Additionally, since you are going to 20th level and all spell casters are capable of making permanent magic items by their mid-teens, it was also possible for a character who did manage to lose the item lottery to acquire them through their friends and associates.
It's a lot harder than just making an item, actually.
I know this is a response to a pretty early comment, but I just feel obliged to point out that in 1e, it was very expensive and time-consuming to make magic items, and in addition, you risked Constitution loss for permanent items. Not only that, not all high-level casters could enchant items; a magic-user needed the right spells (and back in those days, you got very few spells as you advanced, so it was by no means a sure thing that you'd have
Enchant an Item and
Permanency).
EDIT: My 1e books are at my girlfriend's house or I'd look up time and cost, but I think it's days to weeks to craft an item, and generally pretty expensive to boot.
Anyway, on another subject:
The author wanted to find out if he could grab a module and run it without writing up a conversion document. (Something I've been doing for Goodman Games modules in Pathfinder for a while).
Short answer: probably not.
Longer answer: See post on why the math doesn't align well.
Well, I'm not so sure, given either:
A. A willingness to quickly swap in the 5e stat blocks of monsters; or
B. A simply, easy-to-remember numeric formula for monsters-by-level like 4e had.
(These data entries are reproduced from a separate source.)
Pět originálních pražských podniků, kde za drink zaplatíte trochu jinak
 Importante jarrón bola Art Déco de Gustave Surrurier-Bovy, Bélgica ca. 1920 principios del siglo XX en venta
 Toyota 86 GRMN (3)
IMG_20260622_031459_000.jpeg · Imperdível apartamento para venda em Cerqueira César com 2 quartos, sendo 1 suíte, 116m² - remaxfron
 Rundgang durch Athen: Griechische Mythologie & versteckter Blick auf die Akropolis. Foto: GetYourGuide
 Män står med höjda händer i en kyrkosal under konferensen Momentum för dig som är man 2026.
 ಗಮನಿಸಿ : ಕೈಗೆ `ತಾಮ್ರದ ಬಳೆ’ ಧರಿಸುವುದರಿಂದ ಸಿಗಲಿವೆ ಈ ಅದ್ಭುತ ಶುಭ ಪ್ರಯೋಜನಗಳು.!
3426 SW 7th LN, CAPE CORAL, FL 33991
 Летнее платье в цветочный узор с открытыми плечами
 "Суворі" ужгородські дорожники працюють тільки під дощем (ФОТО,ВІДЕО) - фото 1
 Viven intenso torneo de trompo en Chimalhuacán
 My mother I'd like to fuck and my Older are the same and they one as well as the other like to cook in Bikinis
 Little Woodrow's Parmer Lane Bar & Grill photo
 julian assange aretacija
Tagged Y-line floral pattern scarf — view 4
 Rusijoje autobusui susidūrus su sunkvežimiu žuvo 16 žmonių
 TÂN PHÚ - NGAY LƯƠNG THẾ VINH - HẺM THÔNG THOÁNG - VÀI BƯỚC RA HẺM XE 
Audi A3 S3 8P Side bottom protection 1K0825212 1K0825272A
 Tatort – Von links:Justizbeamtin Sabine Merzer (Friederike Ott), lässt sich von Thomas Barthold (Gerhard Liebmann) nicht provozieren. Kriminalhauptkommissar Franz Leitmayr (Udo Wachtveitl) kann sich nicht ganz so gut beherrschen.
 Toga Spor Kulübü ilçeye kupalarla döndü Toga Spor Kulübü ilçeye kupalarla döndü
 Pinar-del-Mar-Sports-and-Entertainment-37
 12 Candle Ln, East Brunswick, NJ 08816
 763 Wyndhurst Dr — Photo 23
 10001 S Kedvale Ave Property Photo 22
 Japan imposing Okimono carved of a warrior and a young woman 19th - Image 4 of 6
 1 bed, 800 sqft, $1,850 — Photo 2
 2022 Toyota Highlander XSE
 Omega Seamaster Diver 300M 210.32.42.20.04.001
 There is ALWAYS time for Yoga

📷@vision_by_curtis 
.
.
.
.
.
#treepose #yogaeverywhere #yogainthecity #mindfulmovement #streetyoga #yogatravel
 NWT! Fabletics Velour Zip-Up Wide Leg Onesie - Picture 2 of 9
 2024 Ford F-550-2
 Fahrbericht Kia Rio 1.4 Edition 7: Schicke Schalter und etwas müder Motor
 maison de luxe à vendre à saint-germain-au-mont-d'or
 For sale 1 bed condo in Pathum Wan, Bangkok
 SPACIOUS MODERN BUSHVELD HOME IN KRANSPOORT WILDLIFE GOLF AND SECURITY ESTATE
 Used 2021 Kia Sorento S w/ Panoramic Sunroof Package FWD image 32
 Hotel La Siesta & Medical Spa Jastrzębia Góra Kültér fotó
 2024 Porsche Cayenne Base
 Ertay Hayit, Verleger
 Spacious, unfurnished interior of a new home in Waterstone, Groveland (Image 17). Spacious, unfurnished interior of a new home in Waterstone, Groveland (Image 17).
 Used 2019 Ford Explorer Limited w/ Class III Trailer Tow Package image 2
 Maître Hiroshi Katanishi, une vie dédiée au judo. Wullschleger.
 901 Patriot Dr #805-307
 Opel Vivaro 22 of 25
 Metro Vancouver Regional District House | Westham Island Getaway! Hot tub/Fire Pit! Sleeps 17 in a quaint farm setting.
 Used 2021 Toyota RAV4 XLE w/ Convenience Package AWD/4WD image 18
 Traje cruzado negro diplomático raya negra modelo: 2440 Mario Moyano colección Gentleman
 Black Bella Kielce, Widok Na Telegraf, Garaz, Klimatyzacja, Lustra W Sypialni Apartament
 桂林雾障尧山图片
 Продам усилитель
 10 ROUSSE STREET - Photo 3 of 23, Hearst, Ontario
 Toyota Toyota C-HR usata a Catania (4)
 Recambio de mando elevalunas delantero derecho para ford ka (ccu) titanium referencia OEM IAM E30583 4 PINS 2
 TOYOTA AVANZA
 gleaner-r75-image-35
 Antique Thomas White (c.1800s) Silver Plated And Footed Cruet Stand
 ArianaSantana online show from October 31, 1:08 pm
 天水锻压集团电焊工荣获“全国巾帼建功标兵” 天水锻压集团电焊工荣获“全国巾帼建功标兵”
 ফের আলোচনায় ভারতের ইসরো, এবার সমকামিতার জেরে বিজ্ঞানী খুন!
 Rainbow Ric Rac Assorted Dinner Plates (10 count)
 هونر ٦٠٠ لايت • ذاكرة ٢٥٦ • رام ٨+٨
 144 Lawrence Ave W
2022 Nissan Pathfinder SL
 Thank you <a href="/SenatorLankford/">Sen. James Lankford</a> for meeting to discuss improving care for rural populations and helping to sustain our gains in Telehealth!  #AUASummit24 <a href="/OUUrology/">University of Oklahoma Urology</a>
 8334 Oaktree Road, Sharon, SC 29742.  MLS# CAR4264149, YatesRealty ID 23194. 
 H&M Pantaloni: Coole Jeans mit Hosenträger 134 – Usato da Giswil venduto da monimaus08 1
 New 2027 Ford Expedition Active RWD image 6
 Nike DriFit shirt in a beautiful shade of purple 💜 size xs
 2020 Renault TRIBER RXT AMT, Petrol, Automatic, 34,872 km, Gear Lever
The same argument seems to imply you can't just pick up a, for instance, Basic D&D module and run it off the cuff for a later edition, but I've done just that with B4: The Lost City, in both 3e and 4e. Thanks to 4e's easy monster formula, I had no trouble winging appropriate stats for monsters not in the 4e books (oil beetles, freaky hallucinating cultists, etc).
I ran several other modules the same way in 4e, including Box of Flumph (a 3e adventure) and little bits swiped from other modules. I would say that 4e 'changes the math' more than any other version of D&D from Basic, so it's fair to compare and say, "I could do it then; if 5e works well, it should be easy enough to do it in a couple of months."